Frankfurter’s long relationship with Franklin Roosevelt, and Frankfurter’s early years on the Supreme Court, form the heart of the left-liberal case for resurrecting his legacy today. In the 1932 presidential race, Frankfurter served as an intimate if unofficial adviser to the Roosevelt campaign, arranging speeches and offering suggestions. When the newly elected FDR offered him the post of solicitor general, Frankfurter turned down the job—not because he wanted to cede authority to others, but because any one role in the government threatened to tie him down.

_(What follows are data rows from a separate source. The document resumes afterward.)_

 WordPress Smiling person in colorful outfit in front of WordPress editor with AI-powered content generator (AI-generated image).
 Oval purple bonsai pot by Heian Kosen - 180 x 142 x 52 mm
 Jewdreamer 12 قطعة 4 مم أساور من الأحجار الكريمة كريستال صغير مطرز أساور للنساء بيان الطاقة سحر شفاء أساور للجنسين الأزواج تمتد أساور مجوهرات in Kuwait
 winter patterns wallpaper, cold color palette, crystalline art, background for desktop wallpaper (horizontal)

As Snyder persuasively puts it, Frankfurter stayed out of the administration so as to maximize his influence in it. Together with his most talented students—men like James Landis, soon to be a leading figure in the New Deal and later a boy-wonder dean at Harvard—Frankfurter drafted the Securities Act of 1933, regulating Wall Street. He did not stand for any particular approach to regulating the modern economy. In the fierce intra–New Deal ideological battle between Brain Trust corporatists like Rexford Tugwell and Adolf Berle, on the one hand, and trustbusters in the mode of Brandeis, on the other, Frankfurter played all sides. He placed his former students in key positions at Treasury, in the Labor Department, in the Interior Department, and in the Justice Department and the Solicitor General’s office. Like their teacher, they were energetic figures in the construction and maintenance of new modern state institutions. One contemporary critic derisively called them Frankfurter’s “happy hot dogs.” By 1939, Time magazine identified no fewer than 125 “hot dogs” working in Washington.

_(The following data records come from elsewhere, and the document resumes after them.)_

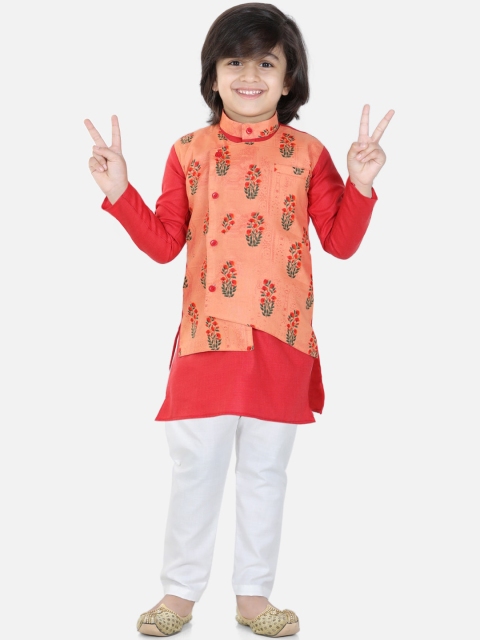 

BownBee Boys Peach-Coloured Floral Pure Cotton Kurta with Pyjamas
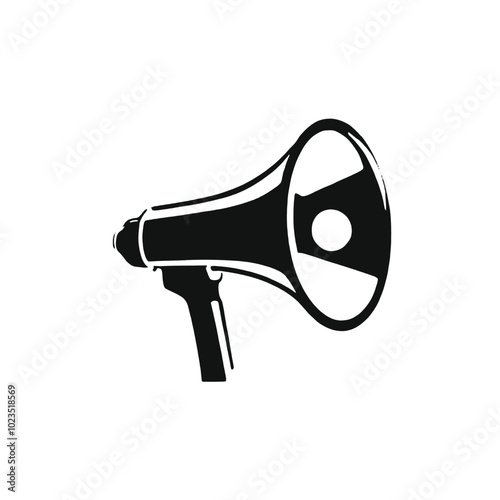 A black and white illustration of a megaphone or bullhorn with a sun-like symbol on the speaker 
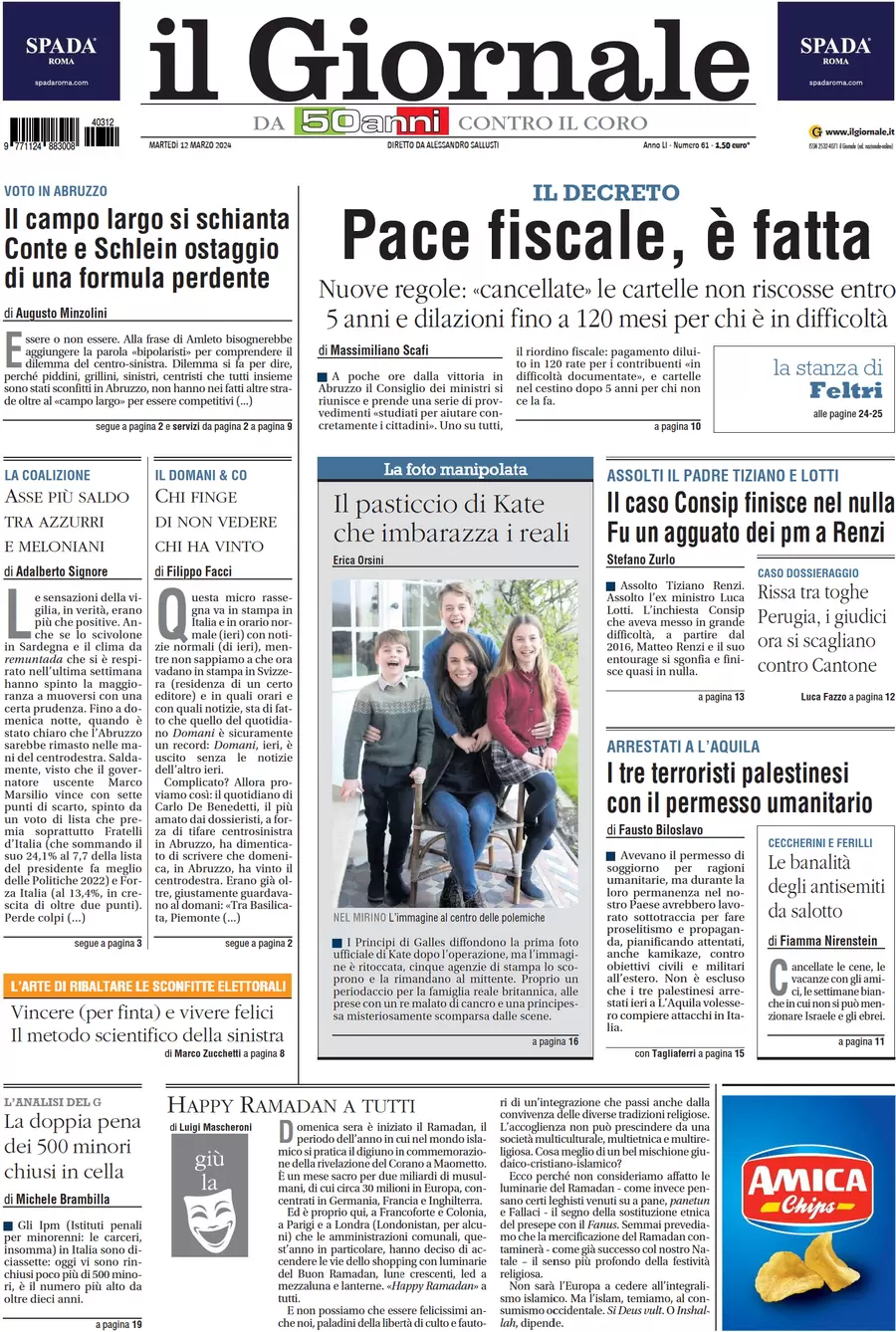 anteprima della prima pagina di il-giornale del 11/03/2024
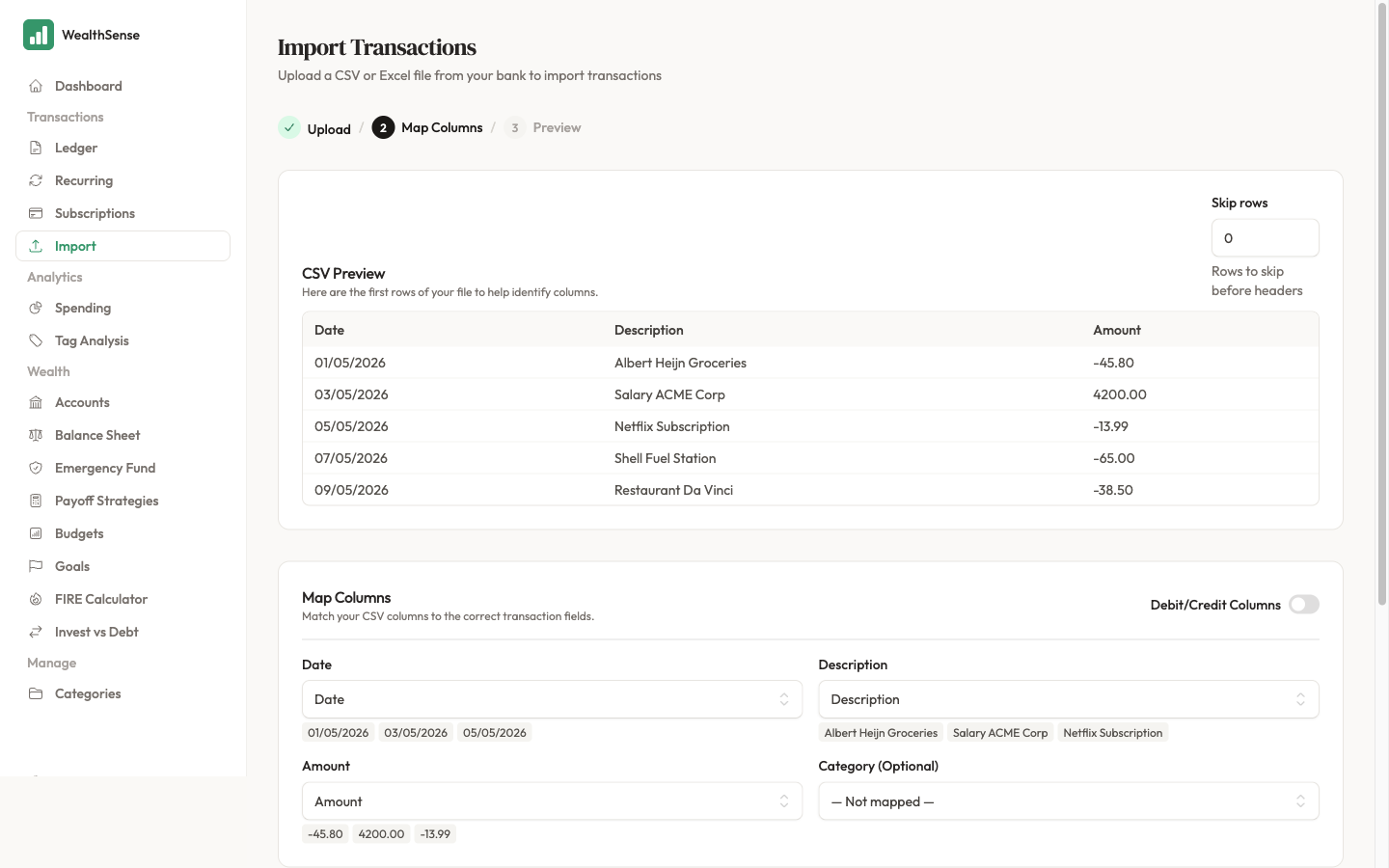 Map CSV columns visually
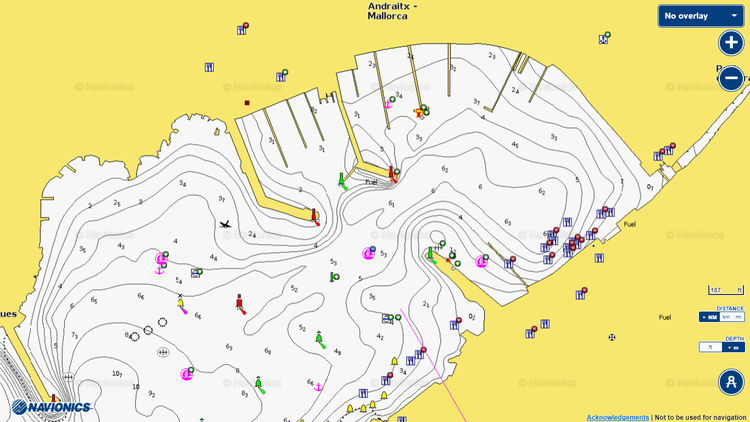 Открыть карту Navionics стоянки яхт в Порт Андраикс. Майорка. Балеарские острова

An obstructionist Supreme Court, however, stood athwart the New Deal’s path. In May 1935, the court struck down key pieces of FDR’s early program, including the National Industrial Recovery Act, and blocked the authority of the president to remove executive branch officials. Throughout the summer, Frankfurter helped the president construct a second round of reform legislation that might withstand the court’s sledgehammer. As a weekly visitor to the White House, Frankfurter shaped the National Labor Relations Act, the Social Security Act, the Public Utilities Act, and the Guffey Coal Act.

Better legislation alone could not save the New Deal from a hostile Supreme Court. Frankfurter also played a carefully concealed, behind-the-scenes role in Roosevelt’s famous court-packing plan in the spring of 1937. In the wake of a massive electoral mandate in the 1936 elections, with key parts of his second New Deal pending at the court, Roosevelt proposed to appoint one new justice for every member of the court over 70 years old. The plan would have allowed the president to nominate up to six new justices and thereby break the legal logjam blocking progressive legislation. The proposal was controversial; it seemed to threaten the independence of the judiciary from the other two branches of government. Frankfurter was silent or skeptical about it in public. But in private he offered FDR sympathetic words and gave him crucial language and ideas for his campaign. When the president used one of his radio fireside chats to tell the nation, “We must take action to save the Constitution from the Court and the Court from itself,” he was repeating a line Frankfurter had written.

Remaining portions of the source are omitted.